Processus d'interaction, de transformation, comme toute la pensée chinoise qui pense en transformation

la pensée chinoise n'est pas une pensée du sujet mais du procès. »

 

 

 

            En toute rigueur, la transcendance réfère d’abord et avant tout aux « doctrines de la transcendance». Le Lalande, dans son édition de 1968 (excusez-moi d’utiliser mon exemplaire dont la date me trahit) en distingue trois :

1)                  -celle « d’après laquelle Dieu n’est pas dans le monde comme un principe vital animant un être vivant mais est…ce qu’un inventeur est à sa machine » (Leibniz, Monad. 84).

2)                   -celle « d’après laquelle il y a derrière les apparences sensibles…des substances ou des « choses en soi »…dont elles sont la manifestation ».

3)                  –celle « d’après laquelle il y a des rapports fixes…qui dominent les faits et n’en dépendent pas ». (On reconnaît là sans peine les formes a priori du transcendantal kantien).

Ces précisions nous aident à comprendre pourquoi le pragmatisme ne s’embarrasse pas de finasseries dans son rejet du transcendant. Les trois doctrines qu’on vient rapidement d’évoquer sont balayées exactement au même titre, parce qu’il n’y a pour le pragmatisme pas plus d’inventeur divin que de choses en soi que de formes intangibles a priori. Pour lui, c’est du pareil au même.

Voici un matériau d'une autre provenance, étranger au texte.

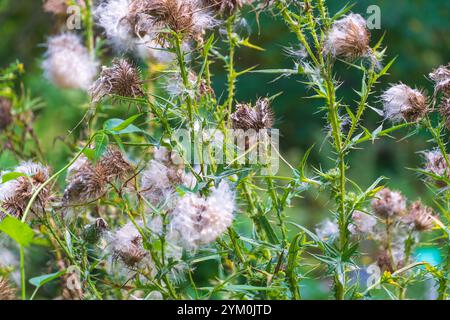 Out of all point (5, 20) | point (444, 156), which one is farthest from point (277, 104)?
point (444, 156)

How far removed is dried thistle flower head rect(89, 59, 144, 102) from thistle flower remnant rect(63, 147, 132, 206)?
0.06 metres

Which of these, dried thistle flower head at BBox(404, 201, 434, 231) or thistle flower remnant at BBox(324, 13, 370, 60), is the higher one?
thistle flower remnant at BBox(324, 13, 370, 60)

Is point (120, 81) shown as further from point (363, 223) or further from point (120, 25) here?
point (363, 223)

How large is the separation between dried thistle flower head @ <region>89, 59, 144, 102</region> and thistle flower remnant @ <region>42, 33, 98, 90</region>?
19.8 inches

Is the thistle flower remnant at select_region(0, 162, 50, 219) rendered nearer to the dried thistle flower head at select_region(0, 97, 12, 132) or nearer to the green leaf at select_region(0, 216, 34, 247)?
the green leaf at select_region(0, 216, 34, 247)

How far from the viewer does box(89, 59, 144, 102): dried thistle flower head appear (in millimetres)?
717

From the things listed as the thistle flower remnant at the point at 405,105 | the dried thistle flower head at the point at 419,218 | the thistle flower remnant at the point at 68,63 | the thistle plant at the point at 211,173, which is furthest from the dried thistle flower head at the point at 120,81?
the thistle flower remnant at the point at 68,63


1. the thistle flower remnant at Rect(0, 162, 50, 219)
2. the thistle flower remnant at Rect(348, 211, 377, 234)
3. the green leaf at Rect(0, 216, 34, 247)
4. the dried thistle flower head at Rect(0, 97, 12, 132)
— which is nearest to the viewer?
the green leaf at Rect(0, 216, 34, 247)

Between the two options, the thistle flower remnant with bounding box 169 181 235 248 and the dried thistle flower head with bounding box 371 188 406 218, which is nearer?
the thistle flower remnant with bounding box 169 181 235 248

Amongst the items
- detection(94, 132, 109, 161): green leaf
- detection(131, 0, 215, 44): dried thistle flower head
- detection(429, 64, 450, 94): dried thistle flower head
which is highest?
detection(131, 0, 215, 44): dried thistle flower head

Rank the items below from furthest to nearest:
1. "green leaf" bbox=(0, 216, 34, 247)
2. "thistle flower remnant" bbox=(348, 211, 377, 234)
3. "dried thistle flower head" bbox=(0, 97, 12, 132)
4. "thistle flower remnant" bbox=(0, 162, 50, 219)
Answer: "dried thistle flower head" bbox=(0, 97, 12, 132), "thistle flower remnant" bbox=(348, 211, 377, 234), "thistle flower remnant" bbox=(0, 162, 50, 219), "green leaf" bbox=(0, 216, 34, 247)

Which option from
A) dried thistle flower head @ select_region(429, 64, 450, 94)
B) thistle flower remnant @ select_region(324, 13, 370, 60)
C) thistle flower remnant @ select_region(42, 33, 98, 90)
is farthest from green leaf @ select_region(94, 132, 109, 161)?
thistle flower remnant @ select_region(42, 33, 98, 90)

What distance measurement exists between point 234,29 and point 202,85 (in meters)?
0.12

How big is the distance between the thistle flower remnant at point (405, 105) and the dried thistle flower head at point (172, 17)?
21cm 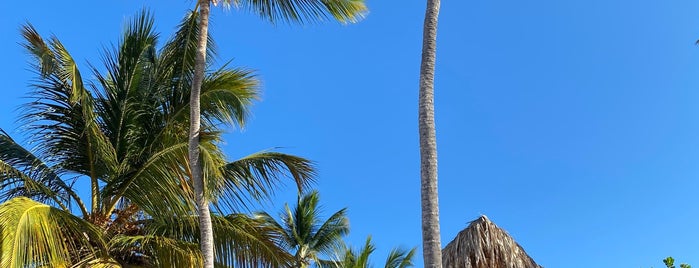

            Donc, s’il y a une transcendance en Chine, ce ne sera rien de transcendant dans aucun des trois sens du terme, qui tous visent une certaine extériorité, un clivage radical, une différence imperméable de nature. La transcendance chinoise est…immanente ! C’est un peu délicat à appréhender pour l’occidental élevé dans la tradition d’un couple d’opposés. Une transcendance immanente s’apparente pour lui au cercle carré. Plus qu’un oxymore, une antinomie. En fait ce n’est qu’un paradoxe parce que l’expression de Jullien fait état d’une totalité de l’immanence, et c’est bien cette totalité, par rapport au petit moi de la finitude, qui est transcendante, non plus absolument mais relativement. Le Tout est transcendant relativement à la partie. Ce qui m’excède et me comprend m’est transcendant. Nulle extériorité, on le voit, mais une « absolutisation de l’immanence ».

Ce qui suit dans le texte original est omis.